● **ACTIVITY**: Only one stretch of the records below should be repeated. It starts with the line containing "Ray-Ban RX 5446" and goes on through the line containing "Mark III Батарейный", exactly as written.

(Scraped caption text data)
********
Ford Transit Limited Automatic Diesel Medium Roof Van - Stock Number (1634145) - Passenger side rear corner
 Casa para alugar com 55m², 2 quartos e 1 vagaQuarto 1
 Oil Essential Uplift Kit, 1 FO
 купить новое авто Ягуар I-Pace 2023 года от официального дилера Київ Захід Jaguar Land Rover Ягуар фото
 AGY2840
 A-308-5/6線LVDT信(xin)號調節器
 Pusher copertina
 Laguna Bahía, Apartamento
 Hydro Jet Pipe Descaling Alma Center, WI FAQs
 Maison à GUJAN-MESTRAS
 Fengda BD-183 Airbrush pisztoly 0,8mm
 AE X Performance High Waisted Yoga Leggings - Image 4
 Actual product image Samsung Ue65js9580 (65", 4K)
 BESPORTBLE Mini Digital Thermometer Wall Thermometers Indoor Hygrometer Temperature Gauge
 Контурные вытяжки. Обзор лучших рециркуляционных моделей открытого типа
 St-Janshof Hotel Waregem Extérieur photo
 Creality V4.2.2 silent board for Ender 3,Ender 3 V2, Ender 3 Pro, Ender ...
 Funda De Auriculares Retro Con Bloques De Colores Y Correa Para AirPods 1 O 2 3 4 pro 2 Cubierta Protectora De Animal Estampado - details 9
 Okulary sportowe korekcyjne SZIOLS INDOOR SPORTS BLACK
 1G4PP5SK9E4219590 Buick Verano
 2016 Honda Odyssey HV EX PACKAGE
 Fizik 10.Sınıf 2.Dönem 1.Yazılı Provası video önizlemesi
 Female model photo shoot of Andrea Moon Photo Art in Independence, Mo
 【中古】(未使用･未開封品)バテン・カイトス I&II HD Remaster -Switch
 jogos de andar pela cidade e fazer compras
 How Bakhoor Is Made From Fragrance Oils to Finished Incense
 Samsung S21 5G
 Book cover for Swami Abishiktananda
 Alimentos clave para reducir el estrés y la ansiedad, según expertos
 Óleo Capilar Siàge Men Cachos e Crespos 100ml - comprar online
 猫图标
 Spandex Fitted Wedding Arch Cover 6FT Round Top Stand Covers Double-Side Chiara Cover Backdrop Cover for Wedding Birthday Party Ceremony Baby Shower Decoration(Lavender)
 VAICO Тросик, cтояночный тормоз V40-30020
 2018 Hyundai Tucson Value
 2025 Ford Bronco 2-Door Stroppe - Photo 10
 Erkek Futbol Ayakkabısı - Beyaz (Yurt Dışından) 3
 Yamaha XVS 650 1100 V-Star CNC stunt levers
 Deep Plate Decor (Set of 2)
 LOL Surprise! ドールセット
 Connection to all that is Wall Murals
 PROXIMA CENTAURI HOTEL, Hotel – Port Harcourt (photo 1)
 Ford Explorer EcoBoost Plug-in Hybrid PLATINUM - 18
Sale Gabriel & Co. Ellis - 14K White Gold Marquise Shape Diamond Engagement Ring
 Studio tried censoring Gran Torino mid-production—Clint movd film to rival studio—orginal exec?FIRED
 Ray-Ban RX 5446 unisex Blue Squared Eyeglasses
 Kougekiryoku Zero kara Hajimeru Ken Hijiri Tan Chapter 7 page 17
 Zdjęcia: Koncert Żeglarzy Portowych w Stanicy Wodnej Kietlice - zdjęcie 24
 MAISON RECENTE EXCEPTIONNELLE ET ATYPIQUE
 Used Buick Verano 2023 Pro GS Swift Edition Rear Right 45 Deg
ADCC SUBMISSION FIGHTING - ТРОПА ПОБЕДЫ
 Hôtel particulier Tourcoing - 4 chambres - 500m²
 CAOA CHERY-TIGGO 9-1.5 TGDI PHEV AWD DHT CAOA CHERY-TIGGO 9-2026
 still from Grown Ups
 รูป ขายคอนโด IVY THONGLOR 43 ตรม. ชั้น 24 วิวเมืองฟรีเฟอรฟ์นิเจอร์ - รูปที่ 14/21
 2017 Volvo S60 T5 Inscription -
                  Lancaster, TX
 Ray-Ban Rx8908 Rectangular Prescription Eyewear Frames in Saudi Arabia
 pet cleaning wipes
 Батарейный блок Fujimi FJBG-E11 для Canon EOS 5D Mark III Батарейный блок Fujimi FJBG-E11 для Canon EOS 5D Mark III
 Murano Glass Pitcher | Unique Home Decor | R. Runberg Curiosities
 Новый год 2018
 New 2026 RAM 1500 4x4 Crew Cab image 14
********
● **RESPONSE TO THE EXERCISE**:
 Ray-Ban RX 5446 unisex Blue Squared Eyeglasses
 Kougekiryoku Zero kara Hajimeru Ken Hijiri Tan Chapter 7 page 17
 Zdjęcia: Koncert Żeglarzy Portowych w Stanicy Wodnej Kietlice - zdjęcie 24
 MAISON RECENTE EXCEPTIONNELLE ET ATYPIQUE
 Used Buick Verano 2023 Pro GS Swift Edition Rear Right 45 Deg
ADCC SUBMISSION FIGHTING - ТРОПА ПОБЕДЫ
 Hôtel particulier Tourcoing - 4 chambres - 500m²
 CAOA CHERY-TIGGO 9-1.5 TGDI PHEV AWD DHT CAOA CHERY-TIGGO 9-2026
 still from Grown Ups
 รูป ขายคอนโด IVY THONGLOR 43 ตรม. ชั้น 24 วิวเมืองฟรีเฟอรฟ์นิเจอร์ - รูปที่ 14/21
 2017 Volvo S60 T5 Inscription -
                  Lancaster, TX
 Ray-Ban Rx8908 Rectangular Prescription Eyewear Frames in Saudi Arabia
 pet cleaning wipes
 Батарейный блок Fujimi FJBG-E11 для Canon EOS 5D Mark III Батарейный блок Fujimi FJBG-E11 для Canon EOS 5D Mark III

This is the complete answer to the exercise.